Background: Human immunodeficiency virus type 1 (HIV-1) group O (outlier) was first identified in 1990 as an HIV-1 strain highly divergent from group M (major). While the level of genetic diversity within group O is similar to that between group M subtypes, group O has not been classified into subtypes. A previous study, based on the phylogenetic analyses of the gag p24, pol p32, and env gp160 sequences from 39 group O isolates, laid the foundation for the classification of group O subtypes. Five (5) phylogenetic clusters, I-V, were identified that are congruent across all 3 genes, supported by bootstrap values, and roughly equidistant from each other. The intra- and intercluster genetic distances for group O are similar in magnitude to the corresponding distances for group M subtypes. However, formal classification of group O requires the availability of at least two full-length and one partial genomes for each group O phylogenetic cluster.

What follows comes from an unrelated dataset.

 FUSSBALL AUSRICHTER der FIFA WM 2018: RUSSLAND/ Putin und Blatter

Methods: In this study, 15 group O isolates were selected for full genome sequencing. The near full-length genomic sequences were obtained by PCR amplification of four segments that link the previously obtained gag, pol, and env fragments and include the LTRs.

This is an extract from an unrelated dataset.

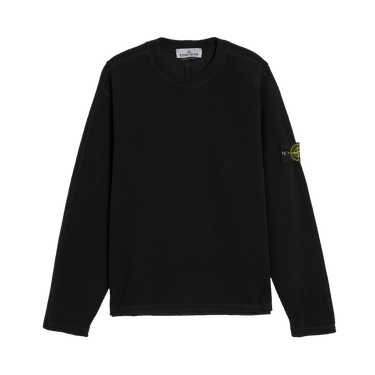 Stone Island Ribbed Wool Nylon Sweatshirt 'Black'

Results: Phylogenetic analysis, using Phylip, of an alignment of these 15 sequences with 8 additional group O genomes supports the classification of 3 group O subtypes (I-III) and the potential existence of one circulating recombinant form (CRF) (IV) and at least one additional subtype (V). Each of group O clusters I, II, and III, is represented by 2 or more isolates with near full-length sequences and several partial genomes from additional isolates; the clusters are equidistant from each other and lack sub-segments of other clusters. Cluster IV is represented by 2 full and 1 partial genomes and may represent a CRF of group O; cluster IV is recombinant between cluster I and the parental strain of cluster IV. Cluster V also meets the subtype criteria except that only 2 isolates have been sequenced. Additional unclassified isolates suggest the existence of other group O subtypes. Intra- and intercluster recombination was identified in 5 of the 23 (22%) group O genomes.

Conclusions: Phylogenetic analysis of 23 genomic sequences provides strong evidence for group O subtypes. Formal classification of group O subtypes should be forthcoming pending the analysis of additional group O genomes and agreement of the HIV nomenclature committee.